During this time, there was a very stiff debate. And that is another point which I believe could be useful to you people. There was a very stiff debate in the Digantar Executive Committee. There were some people who thought that small is beautiful and actually presented that book to me. When we went from 25 to 50 children, there was one discussion. And when we went from 50 to 250 children and also training 20 teachers, then there was very stiff resistance – we should not do that. Why? Because small is beautiful. Why? Because you are actually not yet capable. Why? Because this doesn’t seem to be driven by our ideas. It seems to be driven by some kind of personal prominence.

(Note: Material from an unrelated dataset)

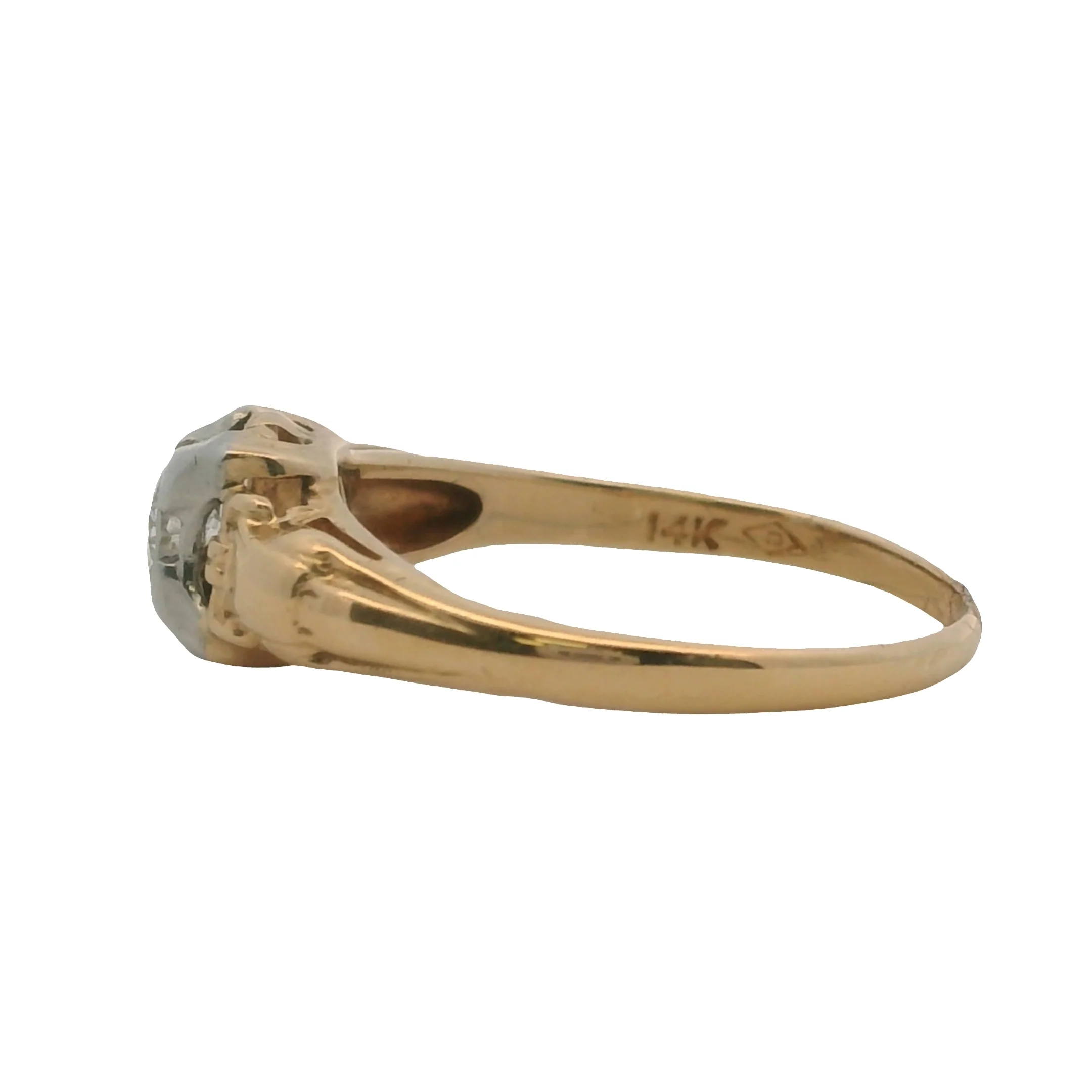 Antique 1930s 14kt White and Yellow Gold Art Deco Solitaire Diamond Ring Size 7 - Image 5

I am sharing these questions because they came in that list. And I had to defend it for several days. And you should understand this very clearly: the distinction between being driven by an ideal or ideology and personal gain and the relationship between the two. My President in the Executive Committee grilled me for one hour asking ‘what is there for you?’ He was a very nice, kind and tough man who, unfortunately, had studied Logic in Cambridge. ‘What is there for you in this?’ So I gave him a lecture on democracy and society, and how good education will help in that and all that. ‘This is about the society. What is there for Rohit Dhanker in it?’ he kept on at it. And I couldn’t come up with anything.

And finally, he suggested, ‘Is it because your salary is jumping from 600 to 1500 in the new project?’ I said that’s great – I like more money. And I have been doing lots of computer programming and rubbish to supplement my income. So that will give me more time to devote to education – yes. But that is not the reason. And they didn’t believe it.

But anyway, eventually, the Executive Committee came to accept the idea, and one person resigned for that. She said that she would be no more with this kind of expansion.

What I am trying to say is that this distinction between the personal and the ideological is quite tricky. And it is very, very easy to slip – or express it in the ideal and ideological ways and bring personal gain to the root of it. It seems to me that having a vision for oneself for a good life, there is nothing wrong in it. But it should be justified in its own terms and not in terms of the NGO. The idea that the NGO belongs to me is a bad idea. The idea that you belong to the NGO, to my mind, is the correct idea.

I will give you two examples from literature on this issue. If you have heard of Dostoyevsky, one of his novels has been translated into English by two different publications, by two different names – The Devils and The Possessed. In The Devils or The Possessed, whichever you wish to take, there is a character called Kirilov. Kirilov gets an idea in his head that the biggest fear for humanity is of death. And the difference between God and the humans is that God doesn’t have fear and humans have fear. So if humans – this is an illogical and stupid idea, but listen carefully – if humans can cross the boundary of being fearful, they become god. How do you prove that you have crossed the boundary? You commit suicide. So Kirilov started talking in his intellectual group that I am going to commit suicide. I am not preaching suicide.

Someone gave a statement that stuck to my mind at that age. I was in second year when I read this. That person said that you are swallowed by an idea.

And Kirilov’s answer was ‘I am happy that I am swallowed by an idea and I have not swallowed an idea’.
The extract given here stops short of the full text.